Hello, i am not able to reproduce the segmentation fault, i activated Intel® oneAPI env (https://www.intel.com/content/www/us/en/developer/tools/oneapi/base-toolkit-download.html?operatingsystem=linux&distributions=offline )

Installed dependencies on conda env: (conda create -n ipex21 python=3.9)

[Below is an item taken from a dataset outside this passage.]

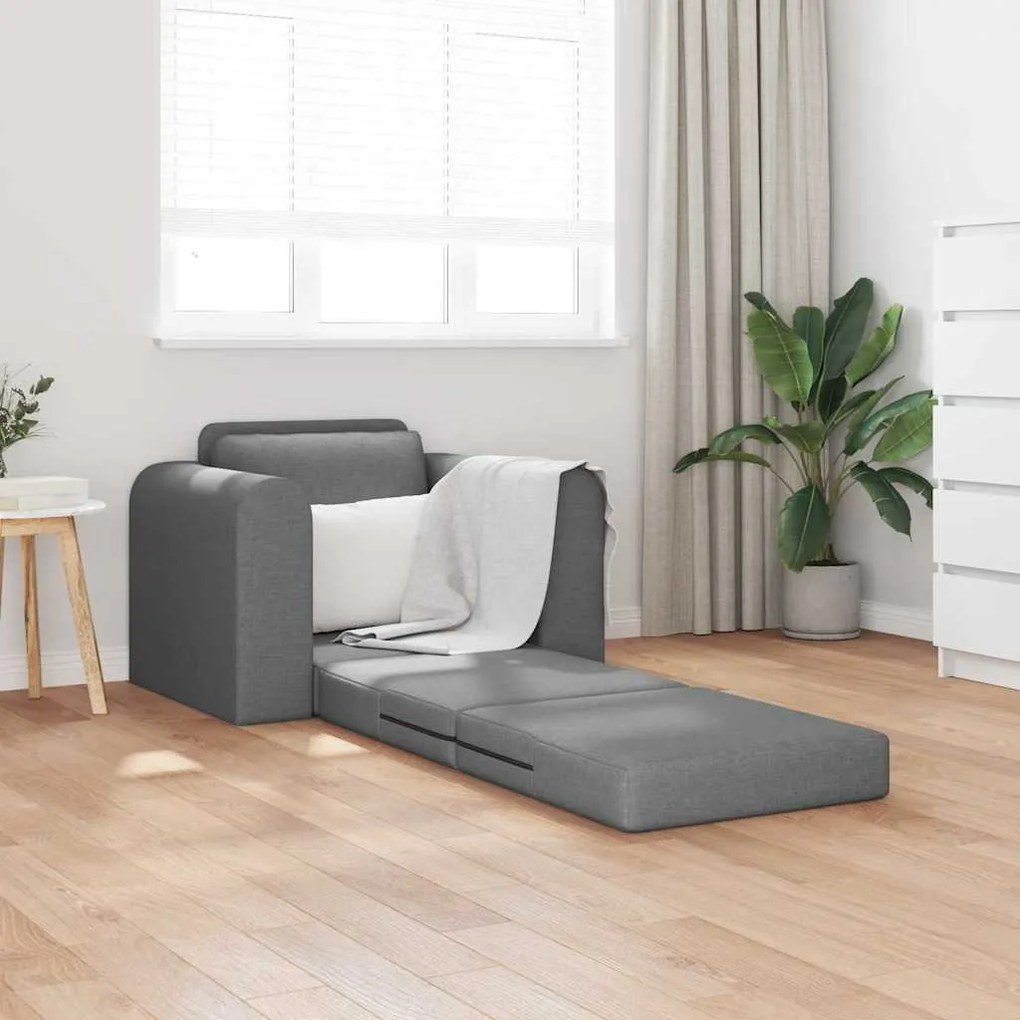 vidaXL Καναπές Κρεβάτι 2 σε 1 Σκούρος Γκρι 98x71x83 εκ. Ύφασμα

python -m pip install torch==2.1.0a0 torchvision==0.16.0a0 torchaudio==2.1.0a0 intel-extension-for-pytorch==2.1.10+xpu --extra-index-url https://pytorch-extension.intel.com/release-whl/stable/xpu/us/

python -m pip install oneccl_bind_pt==2.1.100+xpu -f https://pytorch-extension.intel.com/release-whl/stable/xpu/us/oneccl-bind-pt/

This is my output:

(ipex21) adhamasi@sdp125072:~/torch-ccl-segfault$ mpirun -n 2 -l python -u allgather.py ccl 3_000_000 xpu
[1] /nfs/site/home/adhamasi/miniconda3/envs/ipex21/lib/python3.9/site-packages/torchvision/io/image.py:13: UserWarning: Failed to load image Python extension: ''If you don't plan on using image functionality from torchvision.io, you can ignore this warning. Otherwise, there might be something wrong with your environment. Did you have libjpeg or libpng installed before building torchvision from source?
[1] warn(
[0] /nfs/site/home/adhamasi/miniconda3/envs/ipex21/lib/python3.9/site-packages/torchvision/io/image.py:13: UserWarning: Failed to load image Python extension: ''If you don't plan on using image functionality from torchvision.io, you can ignore this warning. Otherwise, there might be something wrong with your environment. Did you have libjpeg or libpng installed before building torchvision from source?
[0] warn(
[0] My guessed rank = 0
[1] My guessed rank = 1
[1] Initialising process group with backend ccl
[0] Initialising process group with backend ccl
[1] TSHAPE=[3000000]
[0] TSHAPE=[3000000]
[0] moving to xpu:0
[1] moving to xpu:1
[0] tensor size 2: 2.861MB
[0] tensor size 1: 11.444MB
[0] making space
[1] tensor size 2: 2.861MB
[1] tensor size 1: 11.444MB
[1] making space
[0] gathering
[1] gathering
[0] gathered
[1] gathered

Could you please let me know, which version of Intel® oneAPI Base Toolkit are you using ?

@Iain-S
Copy link
Author

Iain-S commented Mar 15, 2024

Hi @akashdhamasia12, thanks for running on your system.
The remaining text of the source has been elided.